This business entity combines the good parts of company structure while limiting the liabilities of the members to a minimum. Considered ideal for ensuring continuity of existence, Pvt. Ltd. Co. allows plenty of room for expansion as it is easy to raise capital compared to other forms of business registrations.
Understanding the basic necessities of a Pvt. Ltd. Co is vital in the creation of one.
There are some who argue that when compared to an LLP, PLC does not grow beyond a certain point as there is an upper limit on the number of members. However, the general PLC entities are ideal for business with a long term prospective. Unlike with LLPs, raising capital internationally is not an issue in the case of a Private Limited Companies. LLPs are ideal for startups with domestic fundraising prospects.
Pvt Ltd Co. have a operating principles that must be followed. Some of the important ones are as follows-
As of now there are two methods through which you can register your Pvt. Ltd Co. One is a conventional process which may time a longer time to attain completion while the other is fairly new and takes fewer days to attain completion. Both procedures are more or less the same, they only differ in a few steps.
Potential members/ shareholders must apply for Director Identification number(DIN) and Digital Signature Certificate (DSC). DIN is a unique combination of numbers used to identify potential or existing Directors. DSC is the electronic equivalent of paper/ physical certificates.
Step two would consist of picking a name for your company and checking for the availability of the same with the Ministry of Corporate Affairs (MCA). This makes sure that there are no two businesses operating under the same name. At least one and a maximum of six (6) names must be submitted via form INC-1 to the MCA.
Step 2 comprises of preparing the Memorandum of Association, a document describing the fundamental provisions of the constitution of the company and the Article of Association which describes the rules that govern the internal management of the company.
The following documents, along with required mandatory attachments must be submitted to the Registrar of Companies –
Step 5 involves paying the required fee and stamp duty to Registrar of Companies. Payment must be made online and not in physical cash.
This is the concluding step of the process and it involves the Registrar of Companies verifying all the documents you submitted so far. Once a review is done, the authorities may suggest changes that are to be made. Once this is done, they will issue a digitally signed Certificate of Incorporation via email to chief correspondents/ directors.

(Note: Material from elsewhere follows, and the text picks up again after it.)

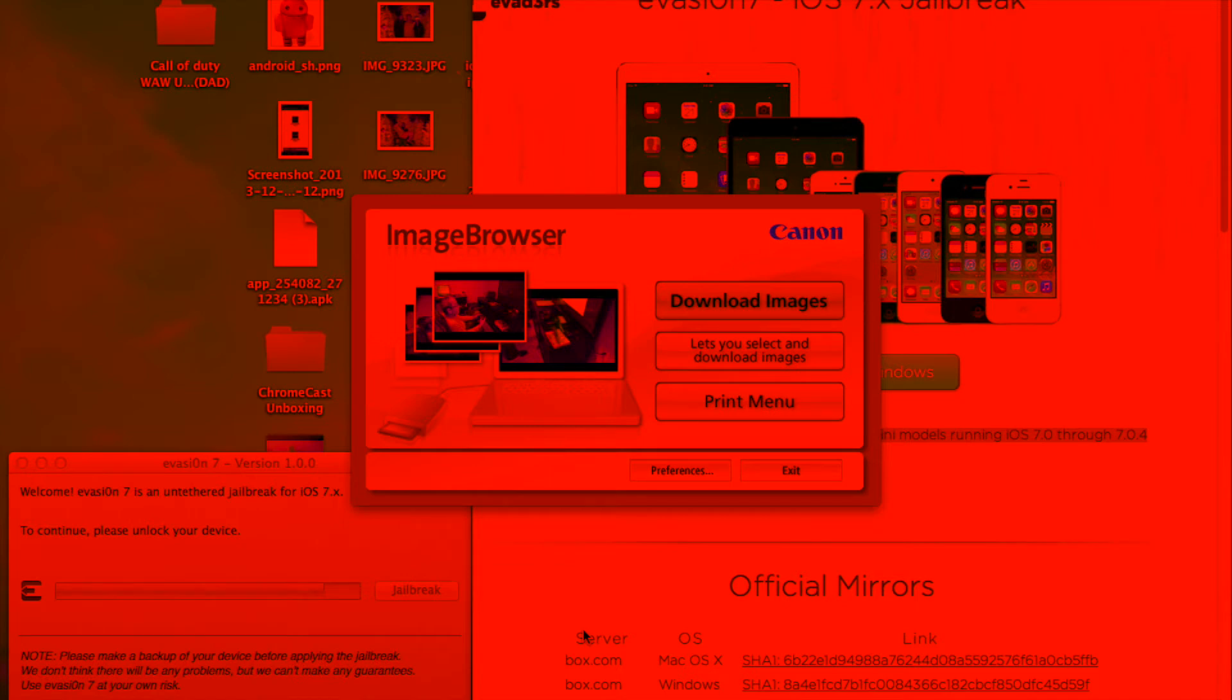Right here it says we have to unlock our device again. Unlock it, scroll back over, hit the Evasion 7 icon again. I believe it'll crash. Nope, okay, now it says we're done.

The initial steps are pretty much the same for this process as well. If you wish to proceed with this method, execute steps 1 and 3 of the conventional process and then file Form INC-29 along with the name you have picked with the Registrar of Companies. INC-29 does the combined functions of Forms INC-7, INC-22 and DIR-22.
If the name you picked gets approved, MCA will email the Certificate of Incorporation to the directors. However, if the name is not available, you may have to file form INC-29 again with a different name.

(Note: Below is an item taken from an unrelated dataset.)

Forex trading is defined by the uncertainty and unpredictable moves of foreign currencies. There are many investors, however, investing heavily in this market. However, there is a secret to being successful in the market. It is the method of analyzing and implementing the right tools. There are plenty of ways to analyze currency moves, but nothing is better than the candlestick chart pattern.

A potential Director must be natural person and must be over eighteen years of age. Apart from this, no restrictions are place on the citizenship, nationality or residency of a candidate. This means that foreign nationals too can be a Director.
If you are a budding entrepreneur hoping to a company in your name, you’ve come to the right place. LegalDesk is equipped with all the necessary tools and staff to help you ease through the registration process of a Pvt. Ltd. Co. Contact us to get assistance on starting your own company. Do it now and have no regrets in life!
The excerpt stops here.